BEGIN Source material

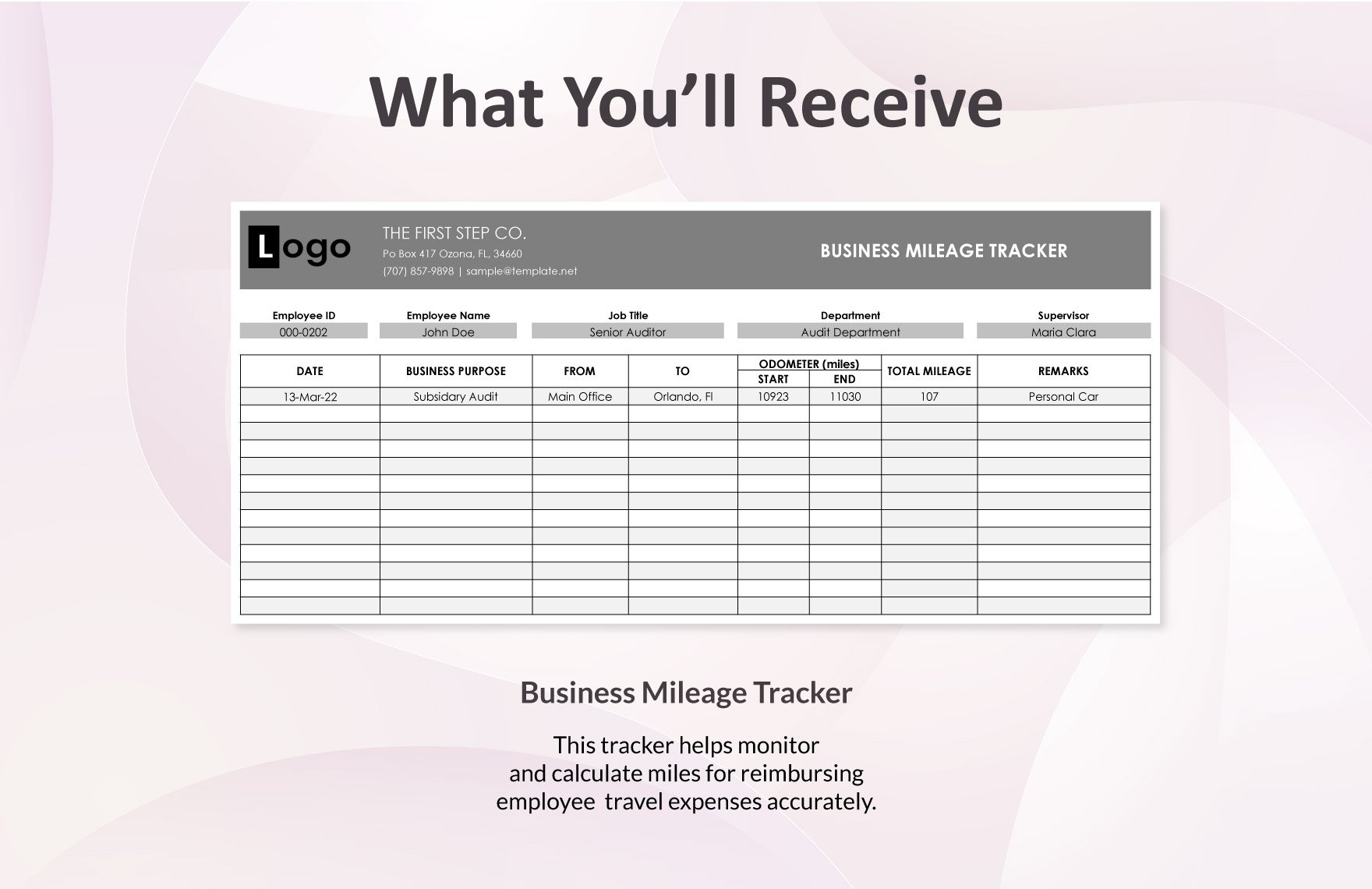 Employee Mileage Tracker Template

END Source material
BEGIN Source material

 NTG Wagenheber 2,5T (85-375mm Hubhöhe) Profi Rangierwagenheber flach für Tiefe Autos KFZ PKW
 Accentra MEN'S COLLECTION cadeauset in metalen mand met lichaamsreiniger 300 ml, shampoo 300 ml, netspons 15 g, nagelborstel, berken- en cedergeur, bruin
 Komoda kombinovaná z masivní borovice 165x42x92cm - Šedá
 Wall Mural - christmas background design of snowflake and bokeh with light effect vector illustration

END Source material
BEGIN Source material

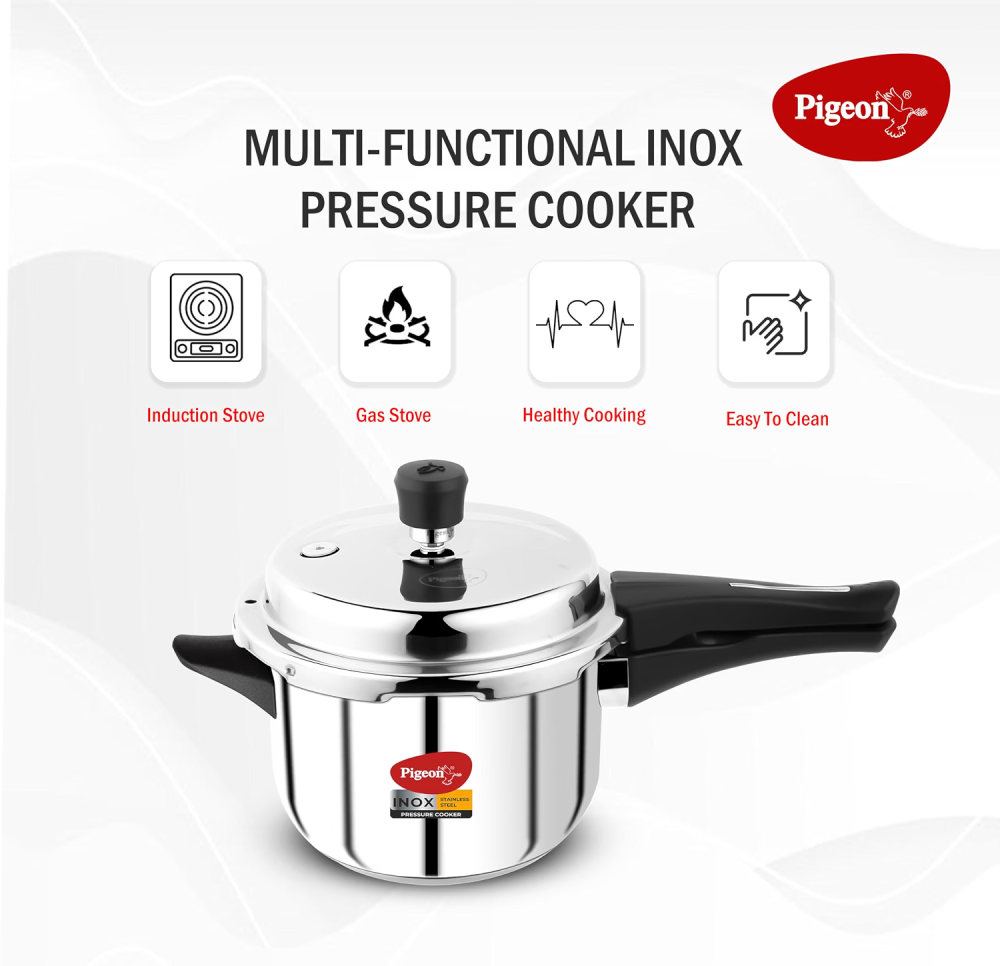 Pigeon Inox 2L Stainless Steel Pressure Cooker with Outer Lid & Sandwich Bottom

END Source material

* Directions for this task: Take the line above containing "Komoda kombinovaná z", the line containing "Wall Mural - christmas", and all lines in between, and copy them exactly without anything else.

* Written reply:
 Komoda kombinovaná z masivní borovice 165x42x92cm - Šedá
 Wall Mural - christmas background design of snowflake and bokeh with light effect vector illustration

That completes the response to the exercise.